Where do I begin? The latest spin on shameless fame-whoring and emotional exploitation of the stupid comes from a new show called "Momma's Boys," and it centers on a group of mothers faced with the challenge of helping find the perfect woman for their douchey sons, in some hacking attempt to "answer" the "ultimate" question: "Who is really the most important woman in every man's life?"
Executive produced by Ryan Seacrest (you've been warned) and Andrew Glassman (Average Joe), "Momma's Boys" drama ensues when a three mothers and their puffy, narcissistic bachelor sons are housed together with several single women - 32, to be exact. Some of the possible matches for the guys are "nice girls," as in, girls who don't have a history of taking their clothes off for money. Several others, however, are no stranger to being degraded by slobbering men for money. For example, contestant Erica Ellysonis the 2008 Penthouse Pet of the Year, while Stacey Fuson (FYI - links are very NSFW) is Playboy's Miss February 1999, and Brittany Fuchs recently did her own spin in Playboy. So much for a level playing field, huh girls?
Granted, there are gathering of females on the show who aren't nude models or professional famewhores, but they're just streaks of faux legitimacy for viewers with weaker stomachs. They'll likely be dismissed within the first few episodes. Somewhat normal and within screaming range of genuinely intelligent have no place on this kind of show.
Naturally, producers found the most possessive, narrow-minded mothers on the face of the planet for "Momma's Boys" as well. Despite the fact that the show doesn't air for another week, there's already been one major incident involving one of the mothers: Khalood Bojanowski of Washington Township, Michigan has notified local police expressing concern about repercussions after her neighbors see her true colors in the show's first episode. The segment she's concerned about centers on Bojanowaski listing the qualifications she’s seeking in a mate for her son Jojo, who is 21 years old. That's right, I said Jojo.
“I cannot have a Black one," said the self-described Iraqi Catholic (as if Catholics weren't riddled with enough guilt, right?) "I can’t have an Asian one; I can’t have a fat-butt girl,” she went on. Well, ok, no fat-ass black Asians. Check. How about a nice Jewish girl? ”Nooo! No Jewish girl! No way, no way!” she says. “I cannot stand them! I’m sorry, but I can’t handle them. It has to be a white girl.”
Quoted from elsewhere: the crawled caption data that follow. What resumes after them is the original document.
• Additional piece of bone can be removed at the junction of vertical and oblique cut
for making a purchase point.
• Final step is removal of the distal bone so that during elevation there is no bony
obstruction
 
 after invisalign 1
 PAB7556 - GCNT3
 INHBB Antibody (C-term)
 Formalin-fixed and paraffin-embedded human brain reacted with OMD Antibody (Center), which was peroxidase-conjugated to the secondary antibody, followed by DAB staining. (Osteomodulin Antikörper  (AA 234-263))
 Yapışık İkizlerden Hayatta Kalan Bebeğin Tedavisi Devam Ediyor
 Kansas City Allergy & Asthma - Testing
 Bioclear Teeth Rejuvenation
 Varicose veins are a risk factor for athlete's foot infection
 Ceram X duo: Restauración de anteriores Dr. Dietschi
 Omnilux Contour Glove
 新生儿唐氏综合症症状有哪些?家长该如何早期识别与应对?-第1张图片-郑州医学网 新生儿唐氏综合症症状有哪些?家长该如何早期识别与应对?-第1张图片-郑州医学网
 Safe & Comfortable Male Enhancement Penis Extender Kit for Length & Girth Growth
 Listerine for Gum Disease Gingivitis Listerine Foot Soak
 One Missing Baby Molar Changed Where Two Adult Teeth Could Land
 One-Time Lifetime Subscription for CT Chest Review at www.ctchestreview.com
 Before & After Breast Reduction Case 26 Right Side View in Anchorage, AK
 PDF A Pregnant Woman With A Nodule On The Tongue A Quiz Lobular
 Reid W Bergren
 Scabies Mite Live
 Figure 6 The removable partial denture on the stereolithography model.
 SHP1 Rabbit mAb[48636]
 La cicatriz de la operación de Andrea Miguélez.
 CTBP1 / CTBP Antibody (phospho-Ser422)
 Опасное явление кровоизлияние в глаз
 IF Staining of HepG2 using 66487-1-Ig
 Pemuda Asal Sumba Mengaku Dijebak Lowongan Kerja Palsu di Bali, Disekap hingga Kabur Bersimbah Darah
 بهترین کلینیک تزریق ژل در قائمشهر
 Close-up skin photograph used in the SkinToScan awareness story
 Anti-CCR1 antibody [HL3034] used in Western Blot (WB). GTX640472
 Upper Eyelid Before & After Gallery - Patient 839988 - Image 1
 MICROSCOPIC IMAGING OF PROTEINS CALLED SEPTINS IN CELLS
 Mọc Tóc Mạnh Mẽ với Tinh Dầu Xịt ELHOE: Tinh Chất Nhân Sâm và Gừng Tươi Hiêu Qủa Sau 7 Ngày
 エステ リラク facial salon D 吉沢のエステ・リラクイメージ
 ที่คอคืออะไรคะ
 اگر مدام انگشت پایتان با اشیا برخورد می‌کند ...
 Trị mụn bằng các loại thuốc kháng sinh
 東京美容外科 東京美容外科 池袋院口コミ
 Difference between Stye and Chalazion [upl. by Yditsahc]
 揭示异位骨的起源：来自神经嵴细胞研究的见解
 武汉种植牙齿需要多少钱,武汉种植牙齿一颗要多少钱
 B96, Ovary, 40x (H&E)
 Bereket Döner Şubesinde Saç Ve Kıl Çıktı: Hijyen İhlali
Bojanowski is even seen in a future episode threatening to kill her son or at least, uh, strangle his balls when she sees him kissing a black woman in a hot tub. “I’m going to kill him, that’s what I’m going to do!” she screams. “I’m going to strangle his balls! I swear, I’m ready to kill somebody!”
Needless to say, there's very little Khalood or the other two mothers won't do to influence their sons in their televised searches for the perfect mate. This is all done, of course, under the premise of entirely dismissing the inarguable fact that all three guys are mind-numbingly ridiculous exhibits of de-evolution themselves, and the girls aren't exactly family-portrait material.
I'd say this show has a life expectancy of about three minutes, but if "I Love Money" can still be on the air, and any of us has any idea who Tila Tequila is, anything can happen.
One girl gets a special mention, just to show you the caliber of trash we're discussing here. If the show were based on terrible dye jobs and balls-out delusional freakish retardation alone, she'd take the cake in a heartbeat.

This is Rana Lyn Kaidbey, and these words are entirely hers:
"I graduated from Texas Christian University cum laude. My goals are to some day become a television host, as I refuse to let anything or anyone hold me back. All right, I am going to break this down for you... I'm a badass. It is true. I am extremely witty, and I’m always cracking jokes, so if you cannot keep up… take it somewhere else. I am normally out enjoying life with my friends and avoiding fake people in this world. I don't like people who pretend to be something they are not...and only time will show that. I’m a bartender, so that means if I have a night off most of the time I'm at a bar seeing my friends. I get told quite often I have the appearance of a bitch, but when people meet me, the majority will say I’m the biggest sweetheart ever. I am religious and believe God will have my back. There has not been a situation that I haven't triumphed over yet. The game is not over yet, because I didn't hear the fat lady singing anyway! I am a leader and definitely not a follower, so if I made up my mind about something then trust me you can't change it. I am a huge huge huge chocoholic and can almost always eat a pizza. I am actually more like a guy than a girl when it comes to my personality. I played sports for years and follow it, so get ready guys!!!! Now, I am learning that you have to earn the right to be in my life... it's not just handed over to anyone anymore because I know quality is hard to find. I live by the motto: dude life's one big-ass party and I generally like to be the one leading the fun!!!"
Momma’s Boys premieres on NBC on Tuesday, December 16th at 10 PM ET.